The invention also provides a sodium ion battery which is assembled by the positive electrode, the negative electrode and the diaphragm of the sodium ion battery.

Compared with the prior art, the technical scheme of the invention has the following beneficial effects:

the Na of the present invention is poor in the cycle stability of the material due to excessive extraction of sodium ions_3+4xMnTi_1-x(PO₄)₃The content of sodium in the material is improved by manufacturing titanium defects, and the redundant content of sodium in crystal lattices is beneficial to keeping the stability of the structure in the process of sodium ion removal, so that the long cycle stability of the material is improved. In the primary calcining process, organic groups are used as carbon sources, are converted into conductive carbon coating layers through high-temperature carbonization, and form double carbon modification with carbon materials with different dimensionalities, so that the problem of volume expansion caused by sodium ion embedding and releasing is greatly relieved, the damage of lattice stress of a buffer material to an electrode material is avoided, and the circulation stability of the material is further improved. The double carbon modification can effectively improve Na simultaneously_3+4xMnTi_1-x(PO₄)₃The conductivity of (a); high energy shockThe dynamic ball milling can further crush particles, reduce the particle size of the particles, promote the rapid diffusion of sodium ions and is beneficial to the full play of the material capacity.

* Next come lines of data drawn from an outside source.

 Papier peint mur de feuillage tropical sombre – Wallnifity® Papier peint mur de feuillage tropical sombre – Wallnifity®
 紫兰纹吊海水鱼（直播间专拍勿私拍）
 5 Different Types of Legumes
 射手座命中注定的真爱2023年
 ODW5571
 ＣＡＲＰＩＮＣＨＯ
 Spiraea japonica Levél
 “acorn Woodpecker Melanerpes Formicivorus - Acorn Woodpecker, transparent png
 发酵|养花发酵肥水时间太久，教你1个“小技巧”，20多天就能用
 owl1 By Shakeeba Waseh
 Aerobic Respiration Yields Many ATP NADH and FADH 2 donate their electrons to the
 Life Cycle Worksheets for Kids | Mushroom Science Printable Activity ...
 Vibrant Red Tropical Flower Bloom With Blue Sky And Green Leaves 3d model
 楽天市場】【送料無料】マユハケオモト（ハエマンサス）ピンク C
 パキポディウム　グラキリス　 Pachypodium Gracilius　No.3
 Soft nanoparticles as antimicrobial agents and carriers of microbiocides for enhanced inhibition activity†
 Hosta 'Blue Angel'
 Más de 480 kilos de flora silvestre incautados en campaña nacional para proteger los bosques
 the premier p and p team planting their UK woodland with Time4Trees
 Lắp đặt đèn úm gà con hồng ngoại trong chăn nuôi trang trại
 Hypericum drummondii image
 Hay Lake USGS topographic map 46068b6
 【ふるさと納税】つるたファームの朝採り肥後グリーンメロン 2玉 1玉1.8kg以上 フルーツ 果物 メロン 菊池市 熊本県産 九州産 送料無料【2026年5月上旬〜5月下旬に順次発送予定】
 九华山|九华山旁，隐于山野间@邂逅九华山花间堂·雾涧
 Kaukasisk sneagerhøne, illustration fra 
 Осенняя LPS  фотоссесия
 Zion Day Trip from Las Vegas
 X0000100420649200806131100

Na_3+4xMnTi_1-x(PO₄)₃the/C has high voltage platforms of 3.5V and 4.1V, and the specific discharge capacity of the high voltage platforms can reach 118mAh g^-1The energy density of the battery exceeds 400Wh kg^-1. Furthermore, compared to Na₃V₂(PO₄)₃Prepared Na_3+4xMnTi_1-x(PO₄)₃The source of manganese/C and the source of titanium have low price and no toxicity, thus being beneficial to practical popularization and application.

Na of the invention₃Mn_1±2xTi_1±x(PO₄)₃The preparation method is simple and convenient, short in flow, high in repeatability and has the potential of large-scale production and application.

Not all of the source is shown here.